The Volokh Conspiracy
Mostly law professors | Sometimes contrarian | Often libertarian | Always independent
In October, New York imposed strict requirements on houses of worship in so-called "microclusters."
- In "Red" zones, houses of worship were limited to the lesser of 25% of maximum capacity, or 10 people. In virtually every house of worship, the 10 person limit controlled.
- In "Orange" zones, houses of worship were limited to the lesser of 33% of maximum capacity, or 25 people. In virtually every house of worship, the 25 person limit controlled.
- In "Yellow" zones, houses of worship did not have a hard capacity cap. Rather, they were subject to a 50% occupancy limit.
In Roman Catholic Diocese of Brooklyn v. Cuomo, the Court declared the 10- and 25-person caps unconstitutional with respect to the applicants. As things stand now, none of the applicants are in Red or Orange Zones. Some of the churches and synagogues are in Yellow zones.
I made an error in Part VI of my series. I wrote that the applicants would not be subject to any limitations. I was wrong. The houses of worship in yellow zones are still subject to the 50% maximum occupancy limit. And if New York City snaps to an Orange Zone, the houses of worship would become subject to the 33% maximum capacity cap. And, if any microclusters are placed in the Red Zone, the 25% cap would remain. The applicants did not challenge the percentage caps, and the Supreme Court had no occasion to rule on them.

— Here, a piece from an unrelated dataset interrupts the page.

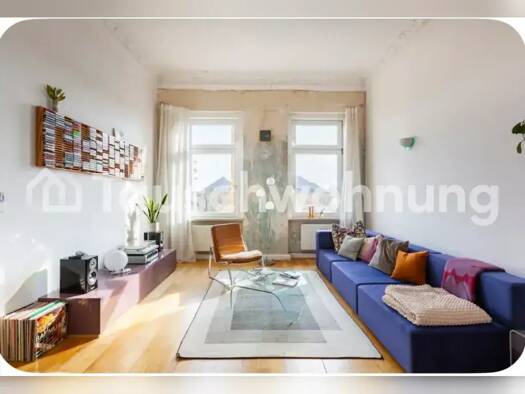 Wohnung zur Miete Tauschwohnung 402 € 2 Zimmer 75 m² 3. Geschoss Neustadt-Neuschönefeld Leipzig 04315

Now, all houses of worship in yellow zones are subject to the 50% cap. Indeed, my understanding is that houses of worship in "white" zone–that is, are not subject to a microcluster rule–are also subject to the 50% cap.
The Supreme Court's injunction will stretch until the disposition of the certiorari grant. At this point, the Second Circuit's proceedings will have no impact on the state of affairs in New York.